Mariners to add Brant Brown to coaching staff (source)

SEATTLE -- The Mariners have an agreement in place to bring Brant Brown onto their coaching staff, a source told MLB.com on Wednesday night. The club has not confirmed.

It’s unclear what the exact role and title will be, but Brown was the Marlins' hitting coach last season.

The move brings into clearer focus what Seattle’s staff will look like under manager Scott Servais in 2024, with the entire group expected to return other than Stephen Vogt, whom the Guardians hired as their manager earlier this month. Mariners president of baseball operations Jerry Dipoto told reporters at the GM Meetings last week that Vogt was slated to be promoted to a bench-coach role had he remained.

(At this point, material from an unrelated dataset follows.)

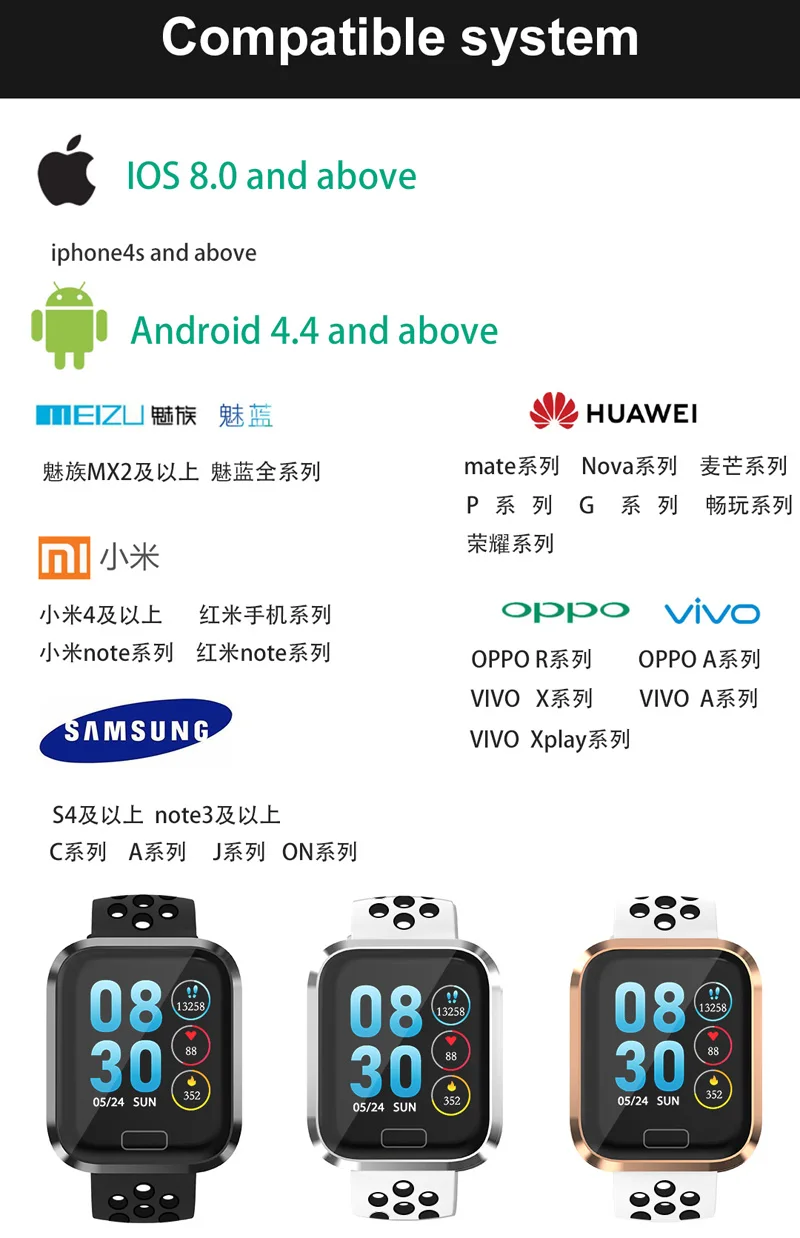 Smart Sport Watch M98 Android IOS Heart Rate Blood Pressure Bracelet Fitness Tracker Sleep Monitor Color Music Call Message Band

Vogt vacated his position as Seattle’s bullpen coach after one season following a successful 10-year playing career, and Tony Arnerich will shift to that post after spending the past two seasons as the club’s hitting coach alongside director of hitting strategy Jarret DeHart. The Mariners had gone with a two-man operation before Tim Laker left after 2021.

Brown rejoins the organization after spending the 2013-17 seasons contributing in Seattle’s farm system, serving as the Minor League offensive coordinator in his final year before joining the Dodgers’ Major League coaching staff.

Prior, he was the Mariners’ Minor League outfield coordinator, and before that, he’d spent six seasons as a hitting coach in the Rangers’ organization, where he began his coaching career after playing parts of seasons in the Majors, including three alongside Servais with the Cubs from 1996-98.

It’s Brown's most recent roles that have put him back on the Mariners’ radar.

In Miami, Brown oversaw a Marlins lineup that surprised the industry by climbing all the way to the postseason for just the second time since 2003. There, he worked with players like batting champion Luis Arraez and slugger Jorge Soler, who recently became a free agent and could be a Mariners target. For all of their upstart success, the Marlins are experiencing significant turnover this offseason to the staff of Skip Schumaker, who just won the National League Manager of the Year Award in his first season.

Brown was the Dodgers' hitting coach from 2020-22 after being promoted from assistant hitting coach, a role he served from 2018-19. Los Angeles reached the postseason in each of those years largely on the shoulders of an elite offense. Personnel was certainly a factor there, too, including Cody Bellinger and Justin Turner, both of whom are free agents and could potentially be fits in Seattle.

Brown will bring his pedigree to T-Mobile Park, a venue well known to be more of a disadvantage to hitters, particularly in the cooler months. The Mariners ranked average to slightly above average by most metrics last year, but the lineup was also the most glaring culprit behind their most significant shortcomings.